Prompt — Go to the line below that has "9801 Collins Ave #10V", print it and each line after it exactly, and stop after the line that has "Motorola E32s Brand New Condition 3"; leave out pictures.

Data for processing —

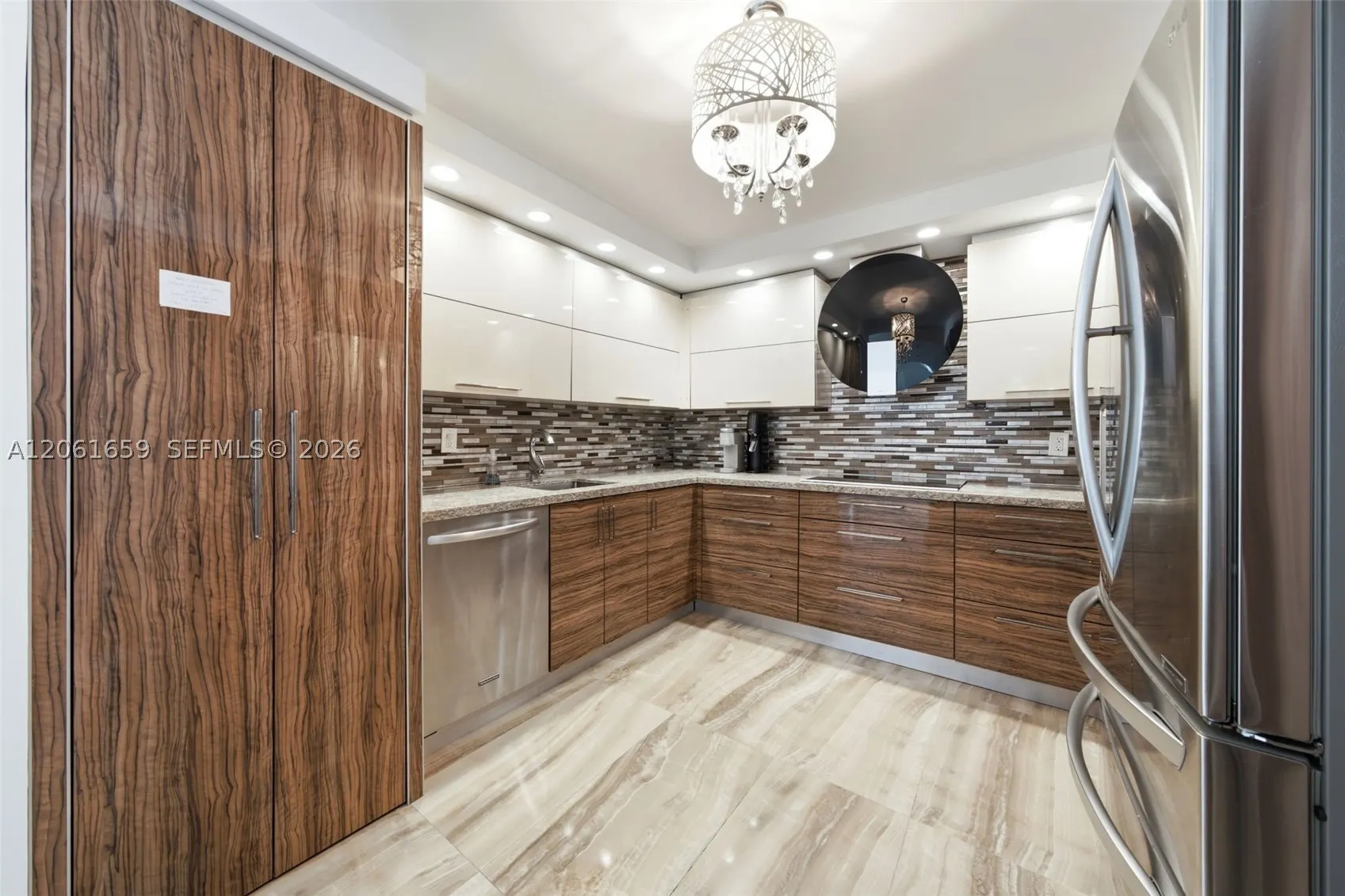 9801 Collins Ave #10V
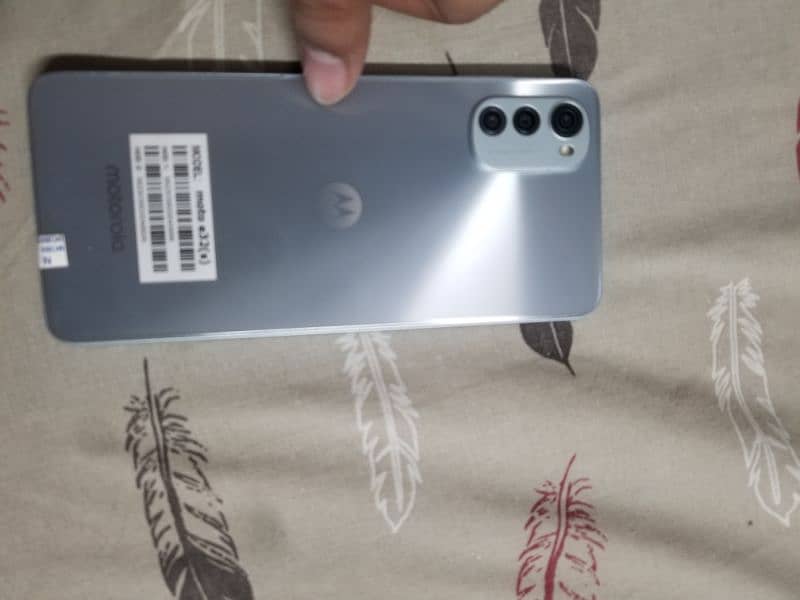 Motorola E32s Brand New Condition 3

* * *

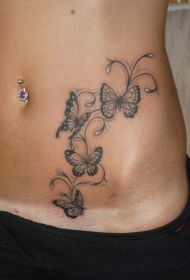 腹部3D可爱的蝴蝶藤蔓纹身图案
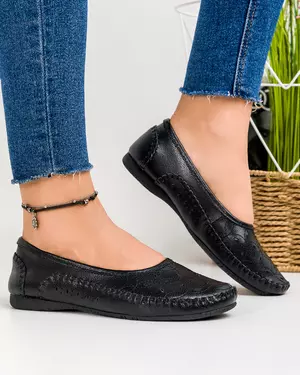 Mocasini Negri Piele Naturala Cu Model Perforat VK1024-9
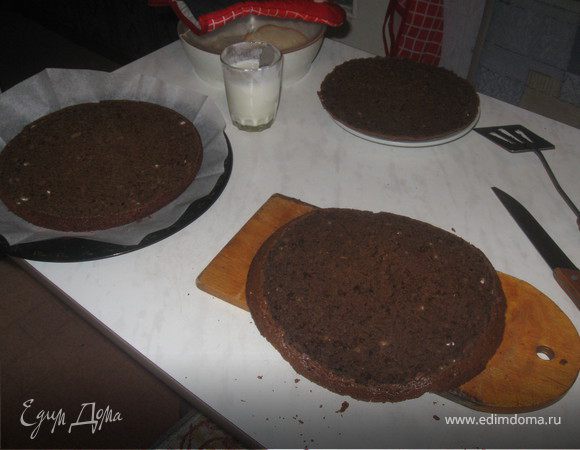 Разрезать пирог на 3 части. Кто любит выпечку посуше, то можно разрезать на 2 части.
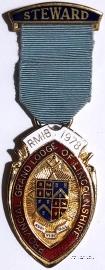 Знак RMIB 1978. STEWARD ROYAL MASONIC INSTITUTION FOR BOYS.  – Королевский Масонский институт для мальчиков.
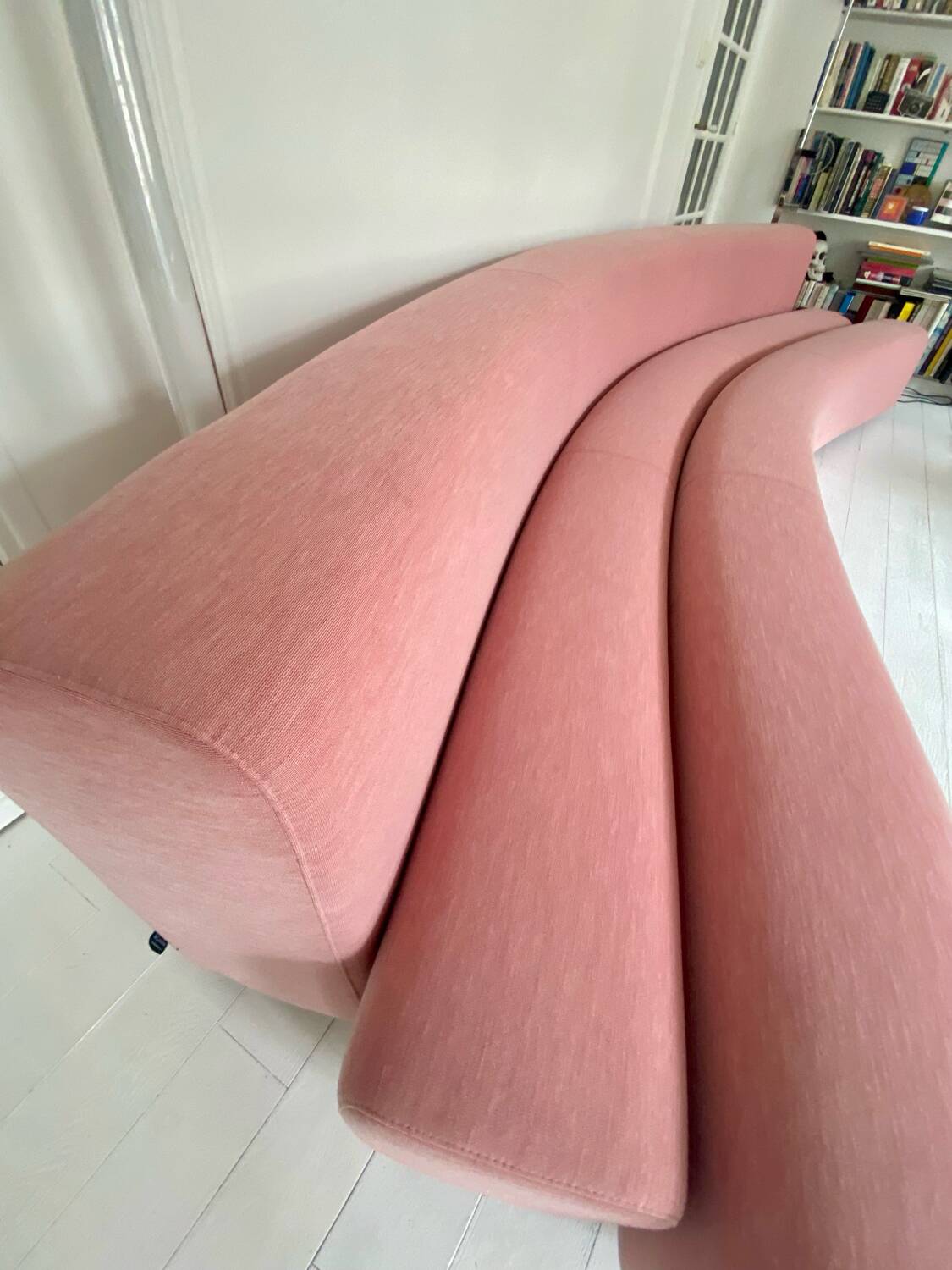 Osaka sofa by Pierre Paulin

Written reply —
 9801 Collins Ave #10V
 Motorola E32s Brand New Condition 3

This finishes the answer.